Marvin Lipofsky, remains a legend in the US glass movement. His contributions are numerous. He was large burly glass artist known for his irascible temperament, an artist who pushed the theories on glass (and his students) as a medium influenced by his original studies in clay.
The picture is part of our “selfie” a new word for Marvin that we made at the San Jose Glass Art Society Conference in June 2015. He arrived at the party at the Tech Museum with only a hand written name tag. No one dared point this out. His size and reputation preceded him – everywhere.
He was among the first students in the Harvey Littleton‘s emerging US Studio Glass Movement and with the exposure to glass, his focus changed.
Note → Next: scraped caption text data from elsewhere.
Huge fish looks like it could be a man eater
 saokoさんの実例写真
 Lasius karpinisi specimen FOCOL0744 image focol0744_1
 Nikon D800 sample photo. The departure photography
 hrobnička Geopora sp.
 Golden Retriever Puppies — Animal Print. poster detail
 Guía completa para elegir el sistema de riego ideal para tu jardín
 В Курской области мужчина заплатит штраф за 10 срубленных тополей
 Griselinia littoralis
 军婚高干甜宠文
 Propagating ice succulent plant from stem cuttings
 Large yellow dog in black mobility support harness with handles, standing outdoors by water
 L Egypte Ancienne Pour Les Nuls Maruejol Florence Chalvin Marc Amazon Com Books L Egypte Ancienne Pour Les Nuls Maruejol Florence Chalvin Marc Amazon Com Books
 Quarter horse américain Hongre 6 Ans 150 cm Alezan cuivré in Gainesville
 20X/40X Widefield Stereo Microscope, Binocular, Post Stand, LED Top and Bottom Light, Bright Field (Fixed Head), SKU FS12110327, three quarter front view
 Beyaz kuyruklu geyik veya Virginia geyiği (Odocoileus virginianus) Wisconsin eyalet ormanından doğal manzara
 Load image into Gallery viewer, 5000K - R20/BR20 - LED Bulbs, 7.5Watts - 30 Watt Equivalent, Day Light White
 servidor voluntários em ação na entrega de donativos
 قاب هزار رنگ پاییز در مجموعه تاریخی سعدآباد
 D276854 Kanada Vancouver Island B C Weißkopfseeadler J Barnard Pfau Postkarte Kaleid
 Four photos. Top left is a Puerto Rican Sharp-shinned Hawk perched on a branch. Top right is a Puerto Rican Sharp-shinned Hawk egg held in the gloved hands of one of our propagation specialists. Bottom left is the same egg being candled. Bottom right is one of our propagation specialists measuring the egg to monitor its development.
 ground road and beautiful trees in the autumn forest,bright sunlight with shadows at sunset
With his MFA in sculpture, he went on to teach at the University of California Berkeley and in 1967 founded the glass program at the California College of Arts and Crafts. And the rest, as they say, is history.
For his full resume you can visit his website
He was one of the early members of the Glass Art Society (G.A.S.) and wore many hats organizing and promoting this world wide association which today has over 2,700 members from 50 countries. He received the Lifetime in 1986 and was on hand in 2015 to see his student Mary White receive this prestigious award. Though classic, Lipofsky, he was still critiquing her work, always pushing his students.
Along the way he has studied and taught in over 50 cities around the world. This video was filmed at the Oakland Museum in California with Lipofsky in his own words.
Lipofsky’s work has been collected by many public institutions worldwide. In the United States his work can be found in the collections of the Corning Museum of Glass in Corning, New York; High Museum of Art, Atlanta, Georgia; Los Angeles County Museum of Art, Oakland Museum, Oakland, California; Metropolitan Museum of Art, New York City; Philadelphia Museum of Art and Toledo Museum of Art, Toledo, Ohio. Overseas his work is in Glasmuseet Ebeltoft in Denmark; Glasmuseum Frauenau (Sammlung Wolfgang Kermer), Germany; Museum Bellrive in Zürich, Switzerland;Museum Boijmans van Beuningen in Rotterdam, Holland; National Museum of Modern Art, Kyoto, Japan and Hokkaido Museum of Modern Art in Sapporo, Japan
To say that his work lives on, is an understatement.